### Work instruction
Below are entries with pictures in them. Output exactly the lines starting at the line with "Semilla Nitro Haze Fem x2 BSF Seeds" and ending at the line with "人一过60，永远不要在熟人面前，说以下几句话，谁说谁后悔，切记", both included, but not the pictures.

### Captioned web image data
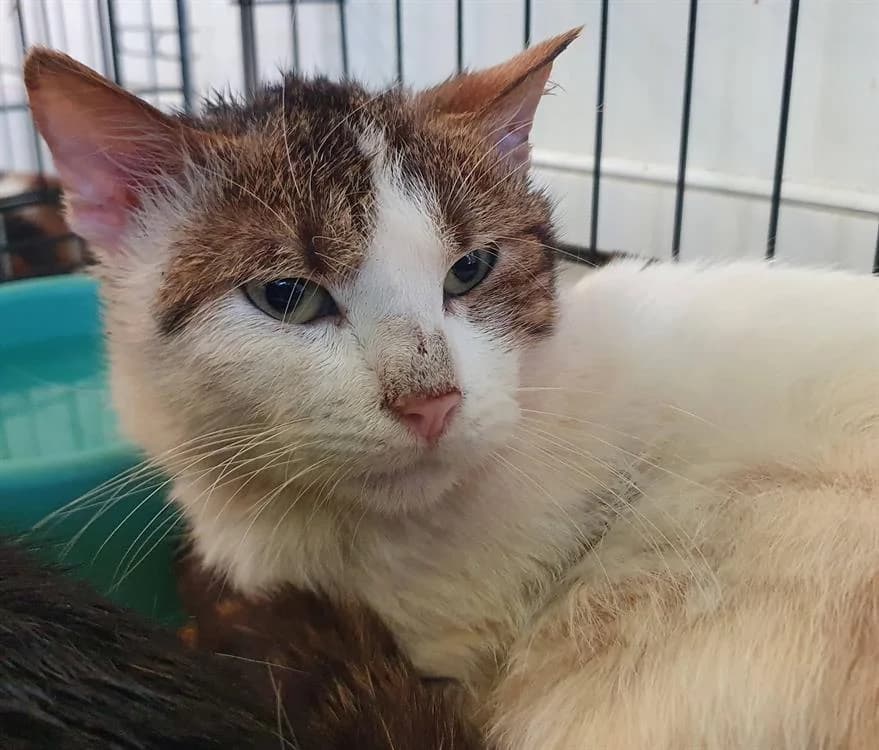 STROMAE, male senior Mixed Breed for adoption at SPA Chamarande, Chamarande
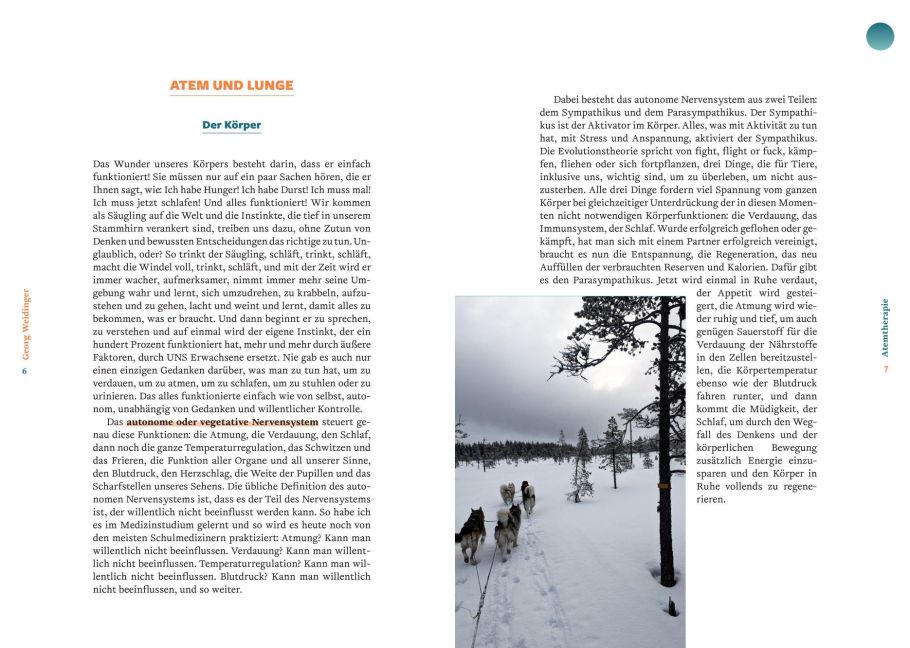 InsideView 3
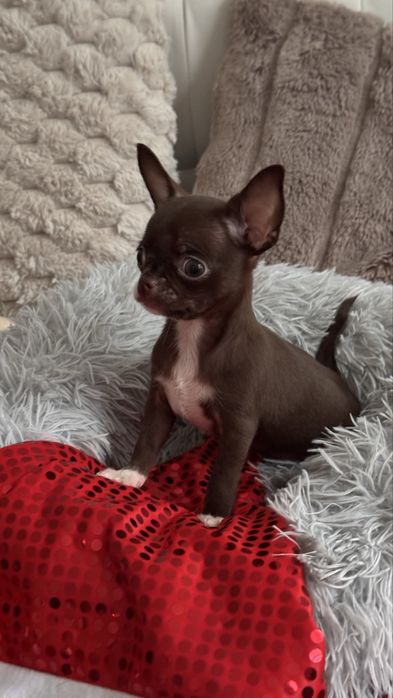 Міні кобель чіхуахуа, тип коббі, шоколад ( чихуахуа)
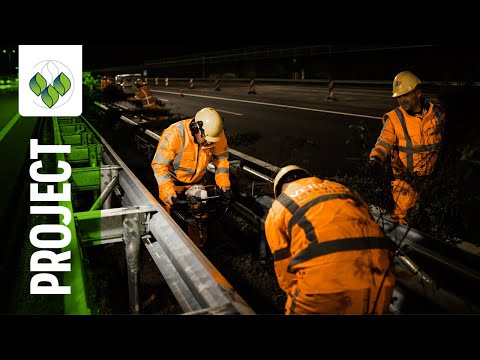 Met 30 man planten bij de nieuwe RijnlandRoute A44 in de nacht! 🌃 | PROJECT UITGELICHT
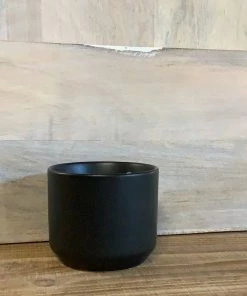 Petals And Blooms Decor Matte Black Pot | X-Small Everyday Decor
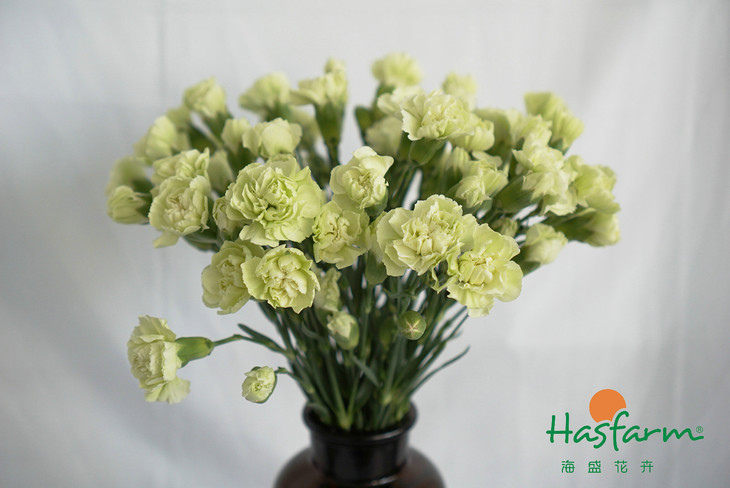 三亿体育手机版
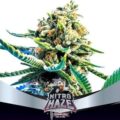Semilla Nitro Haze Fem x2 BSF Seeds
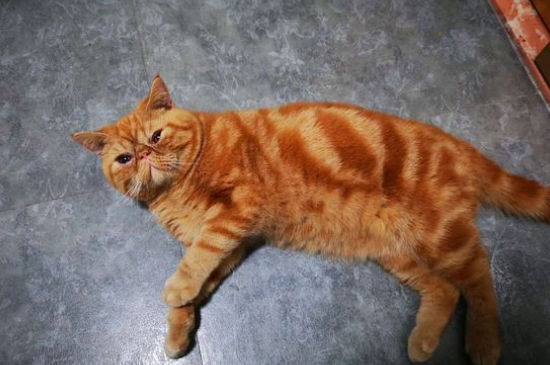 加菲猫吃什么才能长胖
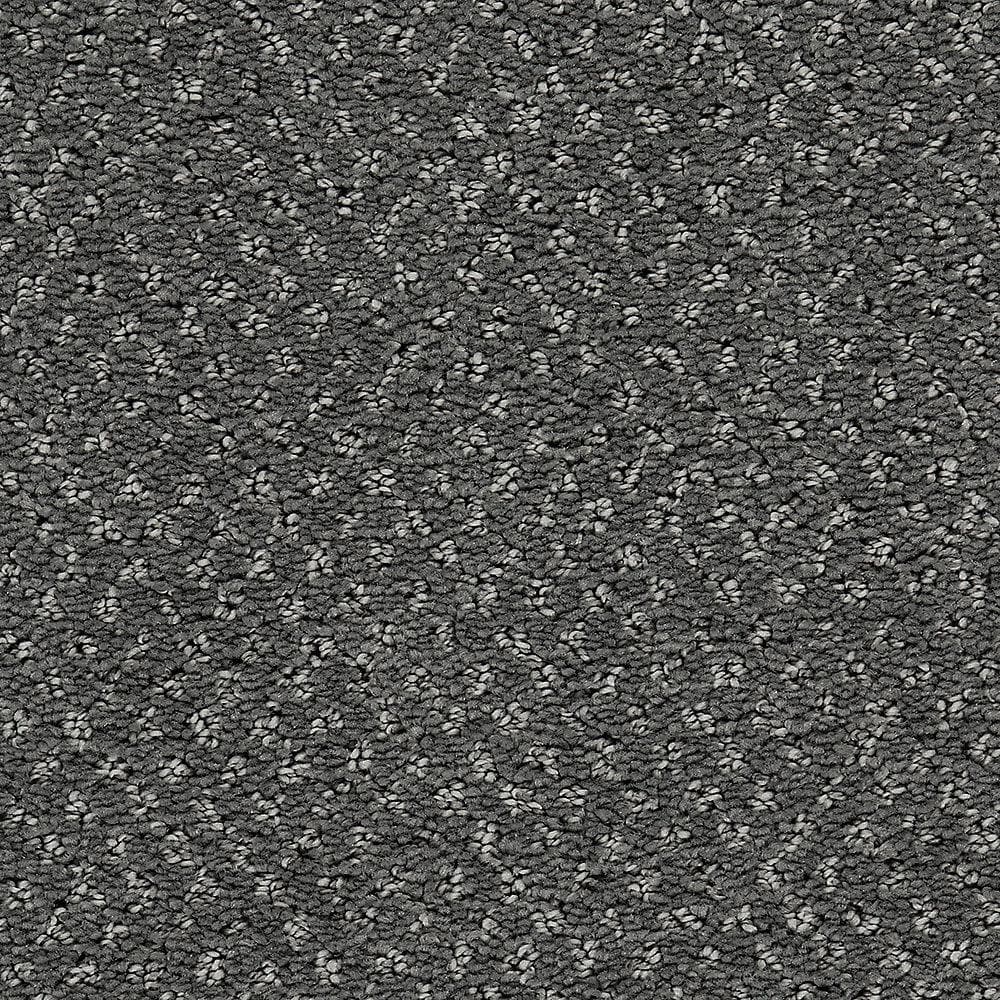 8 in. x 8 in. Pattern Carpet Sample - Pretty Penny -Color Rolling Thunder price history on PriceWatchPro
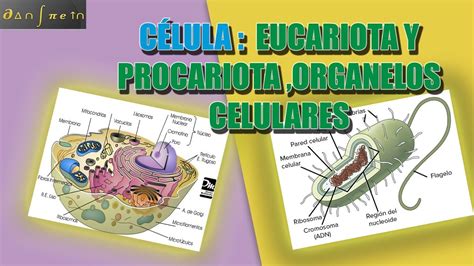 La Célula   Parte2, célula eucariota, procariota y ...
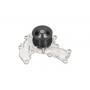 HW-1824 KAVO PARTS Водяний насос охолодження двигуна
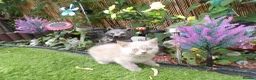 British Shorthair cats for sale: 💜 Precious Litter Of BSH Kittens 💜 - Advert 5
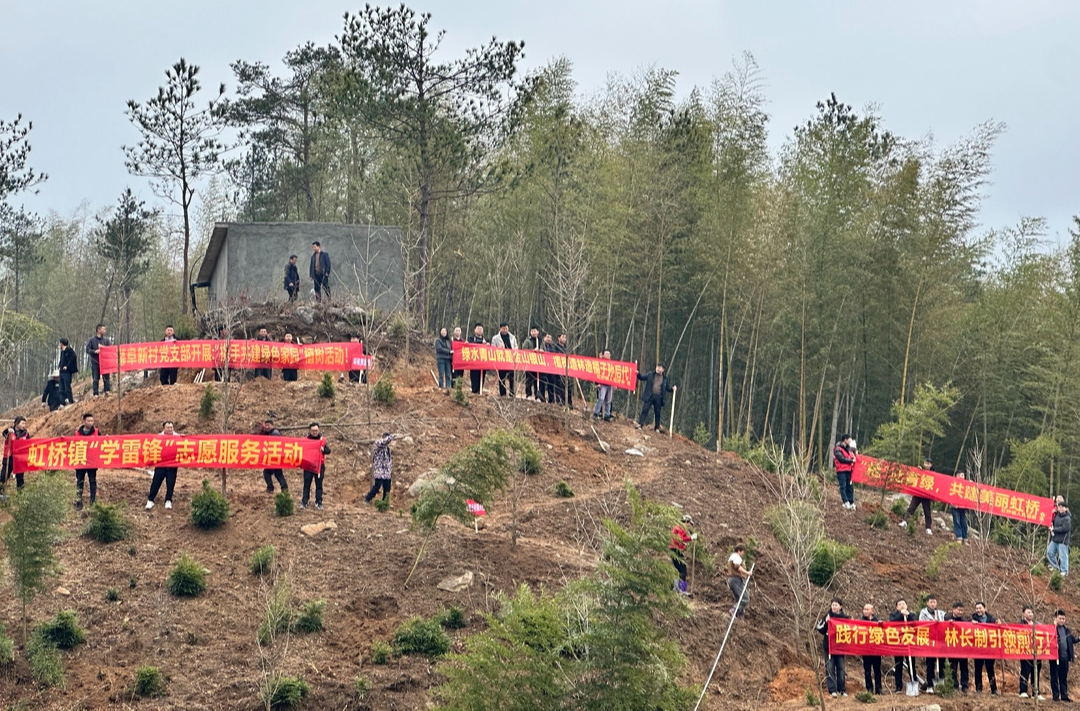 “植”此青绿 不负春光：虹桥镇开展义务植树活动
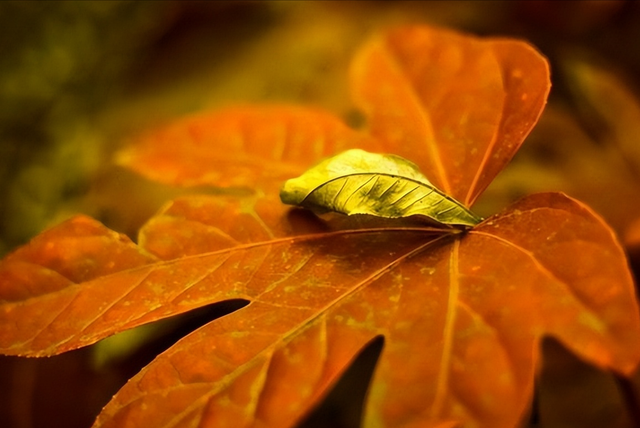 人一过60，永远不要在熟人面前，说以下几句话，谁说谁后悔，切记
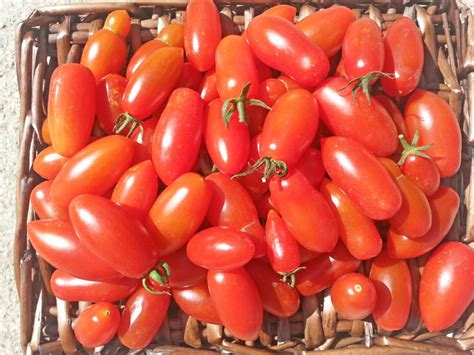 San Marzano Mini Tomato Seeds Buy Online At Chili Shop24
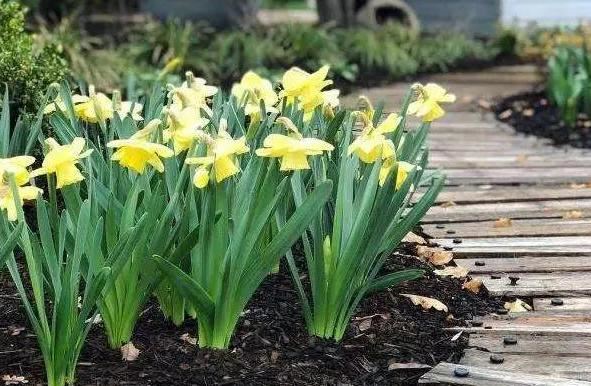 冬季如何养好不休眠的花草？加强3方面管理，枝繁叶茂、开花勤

### Your solution
Semilla Nitro Haze Fem x2 BSF Seeds
 加菲猫吃什么才能长胖
 8 in. x 8 in. Pattern Carpet Sample - Pretty Penny -Color Rolling Thunder price history on PriceWatchPro
 La Célula   Parte2, célula eucariota, procariota y ...
 HW-1824 KAVO PARTS Водяний насос охолодження двигуна
 British Shorthair cats for sale: 💜 Precious Litter Of BSH Kittens 💜 - Advert 5
 “植”此青绿 不负春光：虹桥镇开展义务植树活动
 人一过60，永远不要在熟人面前，说以下几句话，谁说谁后悔，切记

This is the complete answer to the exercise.